Marcos Rolim fala da necessidade de reformas no modelo de segurança pública



Em cinco anos, o número de vítimas de homicídios no Brasil aumentou cerca de 20%. A população carcerária quase dobrou. O efetivo total de policias militares cresceu apenas 5%. Os números refletem o medo da população de sair às ruas, e o agravamento da crise na segurança pública brasileira.

 

A Arco conversou sobre esse tema com o jornalista e professor Marcos Rolim, doutor em Sociologia e especialista em Segurança Pública. Rolim, que é professor da Cátedra de Direitos Humanos do Centro Universitário Metodista, em Porto Alegre, e diretor de Comunicação Social do Tribunal de Contas do Rio Grande do Sul, esteve na UFSM para falar sobre “Educação, Intercultura e Direitos Humanos”, em evento promovido pelo Centro de Educação, o Programa de Pós-Graduação em Educação e o Grupo de Pesquisa Kitanda: Educação e Intercultura.

O que significa o título do seu livro A Síndrome da Rainha Vermelha?
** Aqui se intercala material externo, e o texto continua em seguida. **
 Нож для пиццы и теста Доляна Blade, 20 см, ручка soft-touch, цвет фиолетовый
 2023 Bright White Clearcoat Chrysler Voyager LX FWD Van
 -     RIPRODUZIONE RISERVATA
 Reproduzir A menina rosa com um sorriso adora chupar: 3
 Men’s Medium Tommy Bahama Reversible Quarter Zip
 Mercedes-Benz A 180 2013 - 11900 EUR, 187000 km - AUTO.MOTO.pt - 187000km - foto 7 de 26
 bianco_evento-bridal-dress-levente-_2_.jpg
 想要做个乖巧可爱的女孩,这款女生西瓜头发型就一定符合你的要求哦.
Essa é uma alusão que aparece em outros momentos da produção científica na área das ciências sociais, que eu tomo a partir de uma passagem do livro da  Lewis Carroll, Alice No País das Maravilhas. Tem um momento da história onde Alice corre muito com a Rainha Vermelha. De repente elas param e Alice percebe que elas estavam no mesmo lugar. Então ela pondera: “que estranho, rainha, nós corremos tanto e não saímos do lugar”. A rainha então responde: “mas que estranho, aqui para ficar no mesmo lugar é preciso correr muito”. E eu acho que essa passagem é muito interessante, porque ela simboliza a situação vivida pelos policiais brasileiros.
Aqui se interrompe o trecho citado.